LONDON: Led by Facebook, social media platforms from Alphabet’s YouTube to Snap Inc. and Twitter are investing heavily in shopping features to drive revenue growth, a major theme that emerged during second-quarter results over the past week.
The companies are vying for a piece of the so-called social commerce industry, which relies on users’ ability to discover and buy products through social media apps and is expected to balloon to $50 billion from $36 billion in annual sales by 2023 in the United States according to research firm eMarketer.
The success of social commerce stems in part from product targeting based on user interests, with sales generating more data that can be used for future advertising and merchandise placements.
Facebook, widely considered the leader in social commerce, and Google helped retailers bring in sales in the last quarter, with ecommerce player Shopify saying the growth rate of products sold through the two tech companies’ platforms was “several times that” of websites run by the merchants themselves.
Facebook CEO Mark Zuckerberg said that enabling commerce and making it easier for businesses to communicate with customers through its Messenger and WhatsApp apps was “the right long-term bet.”
Retailers are increasingly hopping on to the trend as COVID-19 restrictions weigh on brick-and-mortar sales.
Brands ranging from luxury fashion house Burberry to fast fashion giant H&M have signed up celebrities and influencers to get millions of their followers to make purchases off ephemeral stories or posts by asking them to “swipe up to purchase.”
While the business is small for now, the social media giants are eyeing the data generated from users’ shopping and browsing habits for targeted advertising.
The scramble for user data has become even more crucial as recent privacy changes from Apple Inc. limit tech companies’ ability to track iPhone users and serve personalized advertising, ad experts have said.

THE FUTURE OF COMMERCE?
Facebook launched Shops in May 2020 during the height of the pandemic, luring brands with an easy way to sell items directly through Facebook and Instagram and consumers with a curated and personalized way to discover trendy clothes or home goods.

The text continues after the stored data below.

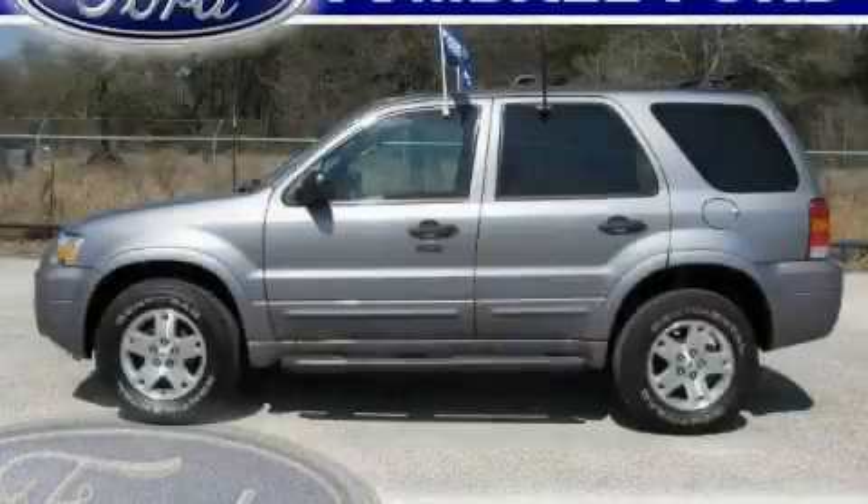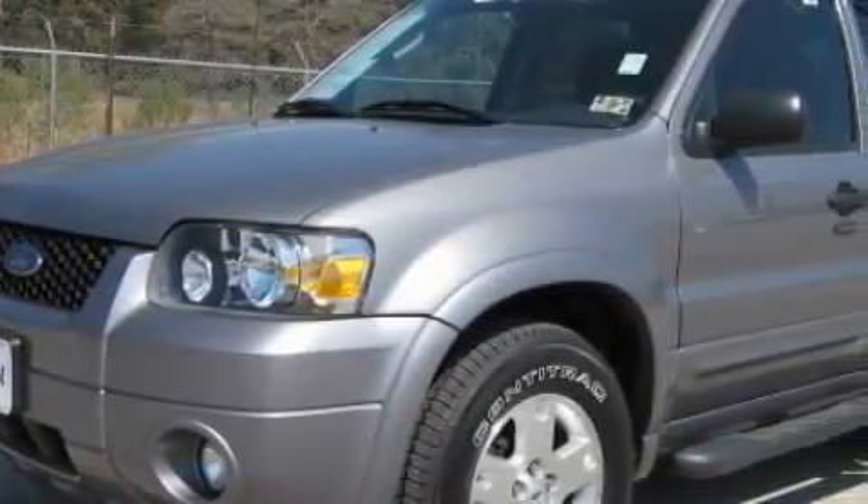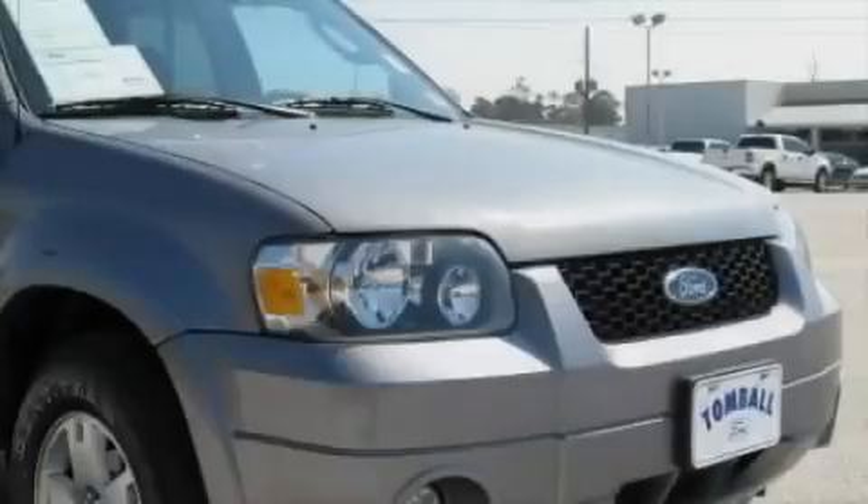This is a 2007 Ford Escape. Safety, space, and comfort. The solid six-cylinder engine, connected to a four-speed automatic transmission, flows cleanly and smoothly.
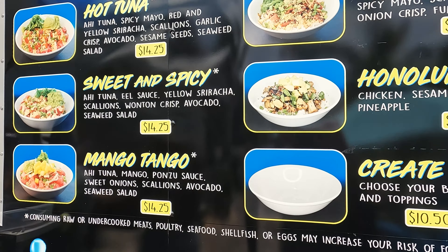We love 3-2-1 Poke. It's one of our favorite places to eat and we highly recommend it. Thanks for tuning in. We hope to catch you next time, and until then, please smash that like button and subscribe. We'll see you next time.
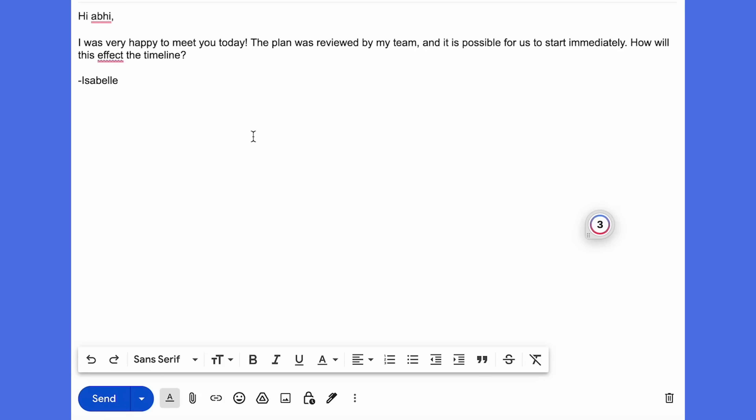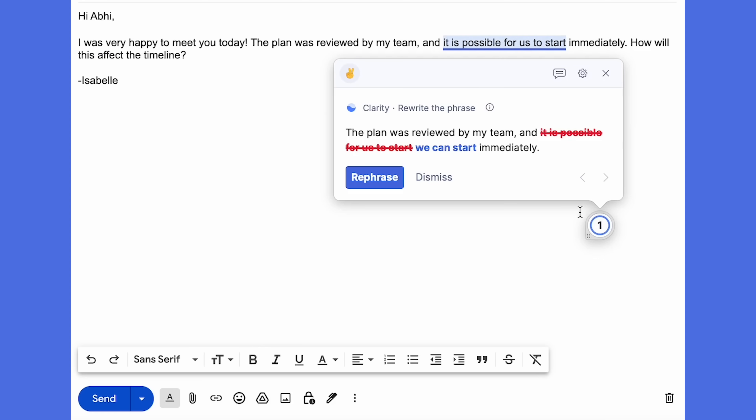Izzy loves how quick and reliable Grammarly is at providing feedback. She sees suggestions like this misspelling and this correctness underline, which helps her avoid using "effect" with an E and instead suggests "affect" with an A. Another reason Izzy signed up for Grammarly is its conciseness suggestions, something she wasn't getting from default grammar checkers.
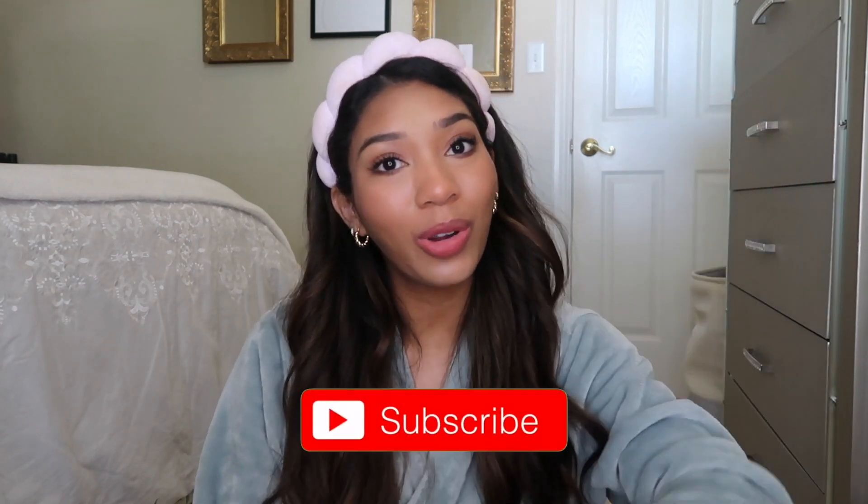Without further ado, I'm going to get into this haul, but first don't forget to subscribe down below and follow me on Instagram and TikTok. I'm way more active on TikTok because I do everything from my phone and there's no editing — that's where I mainly post content now. Let's dig in. I got some really good stuff, and I'll go in order of most expensive to least expensive. I spent in total probably around five or six hundred dollars.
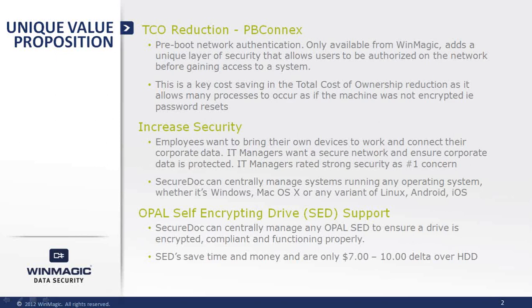Lastly, we are a pioneer in SED management. Our ability to centrally manage self-encrypting drives is second to none. WinMagic is the first and the best at managing software and hardware encryption for the same platform.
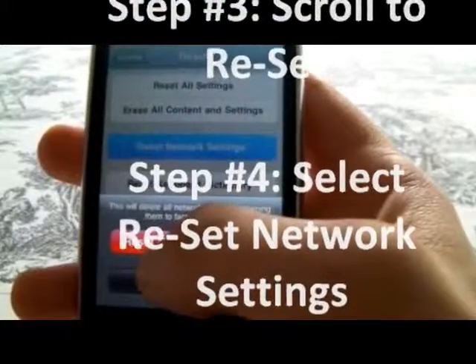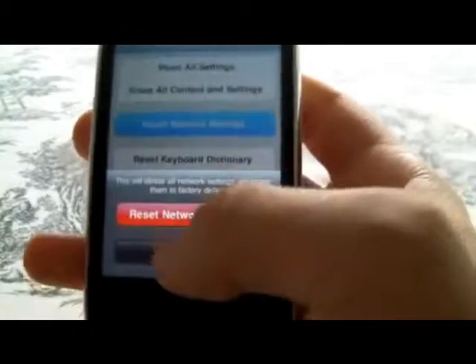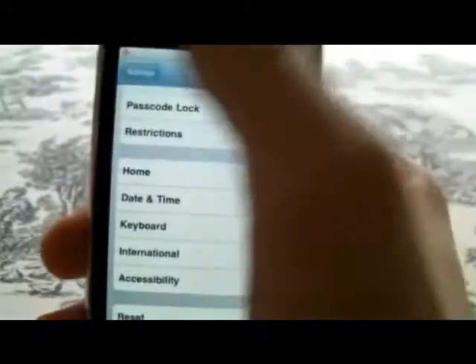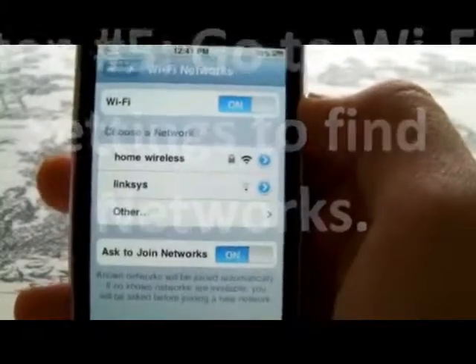After you do that, your iPhone will turn on — it'll take a while, there'll be a little progress bar — and then it'll turn on, and you can go into Wi-Fi and you'll be able to find networks, and it should work.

Facebook was the top social commerce platform according to a survey conducted by eMarketer in June 2020, with 18 percent of respondents saying they had purchased a product via Facebook. That compared with 11 percent for Facebook-owned Instagram and 3 percent for Pinterest.


Even as restrictions lift, analysts say the demand for shopping online is unlikely to retreat.
“People have gotten accustomed to buying online,” said Edward Jones analyst Dave Heger. “I don’t think that they’re going to go completely back to the level they were at before in terms of purchasing at brick and mortar stores.”
Snap Inc. is investing in augmented reality technology designed to help users virtually try on items like watches, jewelry and other apparel to cut down on returns, a major problem faced by online retailers.
Snapchat users can take a photo of a friend’s outfit with the app and find similar looks or product recommendations, Snap Chief Executive Evan Spiegel said last week during the company’s earnings conference call.
“The holy grail of advertising is to actually sell merchandise,” said Rich Greenfield, a partner at LightShed Partners, in a note on Snap last week.
“While these initiatives are still in the early stages, we believe an increasing number of brands want to be associated with where commerce is headed.”
Popular short-form video app TikTok is testing live-streamed shopping with select brands in the UK, allowing viewers purchase clothes as an influencer models the item in real time during a live video.
Twitter, a platform most known for following breaking news or current events, said on Wednesday that it will begin testing a shopping feature that lets users browse items for sale at the top of a brand’s profile page.
Streaming video site YouTube, known for “unboxing” videos in which YouTubers review toys or tech gadgets, wants to integrate shopping directly into the platform, said Google Chief Business Officer Philipp Schindler on Alphabet’s earnings call on Tuesday.